Details of Guidelines

RBI announces revised Liquidity Management Framework

RBI has put in place  a revised framework for liquidity management wef 5th  September 2014. Under the existing arrangements, day-to-day liquidity requirements were met through

·         variable rate 14-day / 7-day Repo auctions equivalent to 0.75 per cent of net demand and time liabilities (NDTL) of the banking system,

·          supplemented by daily overnight fixed rate (at the repo rate) repos equivalent  to 0.25 per cent of bank-wise NDTL and

·         export credit refinance (at the repo rate) of 32 per cent of bank-wise outstanding eligible export credit bills (about 0.4 per cent of NDTL).

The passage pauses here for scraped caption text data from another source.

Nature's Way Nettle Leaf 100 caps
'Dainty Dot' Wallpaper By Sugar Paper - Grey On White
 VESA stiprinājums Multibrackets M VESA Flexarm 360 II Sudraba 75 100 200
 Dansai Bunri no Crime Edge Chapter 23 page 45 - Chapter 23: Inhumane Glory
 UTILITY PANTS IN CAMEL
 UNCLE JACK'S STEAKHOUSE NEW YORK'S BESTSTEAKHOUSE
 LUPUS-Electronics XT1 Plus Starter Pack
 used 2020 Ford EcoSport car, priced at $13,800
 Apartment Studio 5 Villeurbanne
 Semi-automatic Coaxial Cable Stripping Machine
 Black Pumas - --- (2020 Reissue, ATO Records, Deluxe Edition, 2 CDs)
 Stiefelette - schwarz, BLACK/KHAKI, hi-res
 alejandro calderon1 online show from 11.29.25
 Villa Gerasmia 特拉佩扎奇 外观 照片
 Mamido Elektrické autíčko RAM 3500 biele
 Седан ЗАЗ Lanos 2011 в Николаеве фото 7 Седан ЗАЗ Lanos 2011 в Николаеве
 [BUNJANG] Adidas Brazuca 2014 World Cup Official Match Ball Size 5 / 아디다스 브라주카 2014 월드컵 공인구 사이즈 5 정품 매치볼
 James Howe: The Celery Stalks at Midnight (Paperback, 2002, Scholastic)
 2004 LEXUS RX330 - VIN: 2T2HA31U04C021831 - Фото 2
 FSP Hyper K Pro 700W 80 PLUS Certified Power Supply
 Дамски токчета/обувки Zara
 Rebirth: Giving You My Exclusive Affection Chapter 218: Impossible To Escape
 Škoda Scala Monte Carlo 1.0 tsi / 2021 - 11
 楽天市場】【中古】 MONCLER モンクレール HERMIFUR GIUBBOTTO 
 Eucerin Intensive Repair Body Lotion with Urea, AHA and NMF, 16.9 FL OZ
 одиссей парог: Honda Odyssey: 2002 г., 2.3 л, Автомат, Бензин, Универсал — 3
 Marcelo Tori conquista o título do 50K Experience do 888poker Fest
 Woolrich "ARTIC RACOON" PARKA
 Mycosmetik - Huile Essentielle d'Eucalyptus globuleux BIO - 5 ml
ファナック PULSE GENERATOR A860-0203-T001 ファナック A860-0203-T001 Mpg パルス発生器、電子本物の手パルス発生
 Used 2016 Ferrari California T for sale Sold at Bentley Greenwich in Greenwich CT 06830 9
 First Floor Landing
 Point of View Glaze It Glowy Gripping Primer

 The detailed and Revised liquidity management framework for instruments like Overnight Fixed Rate Repos (at repo rate); Variable Rate 14 Day Term Repo Auctions; Overnight Marginal Standing  Facility; and Export Credit Refinance, are give at the end of this article under Annexure 1.

Refinancing of Project Loans

RBI has now permitted refinance existing project loans, by way of full or partial take-out financing, even without a pre-determined agreement with other banks/financial institutions, and fix a longer repayment period.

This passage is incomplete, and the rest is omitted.